I was a Young Gypsy boy trying to grow up in the 1920s in a


country which was very hostile to our lifestyle, and with no access to
education, and no chance to listen to music, or to attend festivals.
By chance my family were on the Isle of Wight during the
famous 1969 music festival. I was knocking on doors, trying to sell
our home-made clothes pegs. One day I came to a very large house,
somewhere in the middle of the island. A very charming American
invited me in. He gave me orange juice and asked me a lot of
questions about my life. He couldn’t understand what I was saying
very well because of my accent, and I couldn’t understand him much
either – he talked very quietly, I sat at his large wooden Kitchen table
and told him all about Gypsy life, how hard it could be, but also the
fun we had.
I must have been there for most of the morning and he got me to
sing a couple of the Gypsy songs I knew. Before I left the played me a
song on his guitar and gave me a record, which he said was his, and
had the song on. But I didn’t have a record player, and I soon lost the
record.
I had no idea who he was and I forgot about him until I was in
my early twenties. Unfortunately I had got into some trouble and was
in Brixton prison for burglary.
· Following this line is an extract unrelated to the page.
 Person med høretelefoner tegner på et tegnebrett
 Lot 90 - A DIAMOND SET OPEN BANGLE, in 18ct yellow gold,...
My sentence was for two years. We
had a vicar who used to visit twice a week and because we were bored
we would sometimes attend his sessions. At one of the sessions he
played some music on an old record player and as soon as I heard it I
recognized the singer. He told me it was a man called Bob Dylan and
said that if I liked it, he would bring more of his records to the next
meeting. The following week I spent hours transfixed as I listened to
the records. One song stood out – North Country Blues – it was the
song he had sung to me in the kitchen on the Isle of Wight all those
years ago. When the song had finished, I cried – all the troubles and
hardship I had lived with just poured out of me.
Those sessions with the vicar became my education. With his
guidance and Dylan’s poetry a world opened up to me. He taught me
to read and write, and by the time my prison sentence came to an end I
had started a journey that transformed my life. With the vicar’s
support I went to college and became a carpenter – I didn’t look back.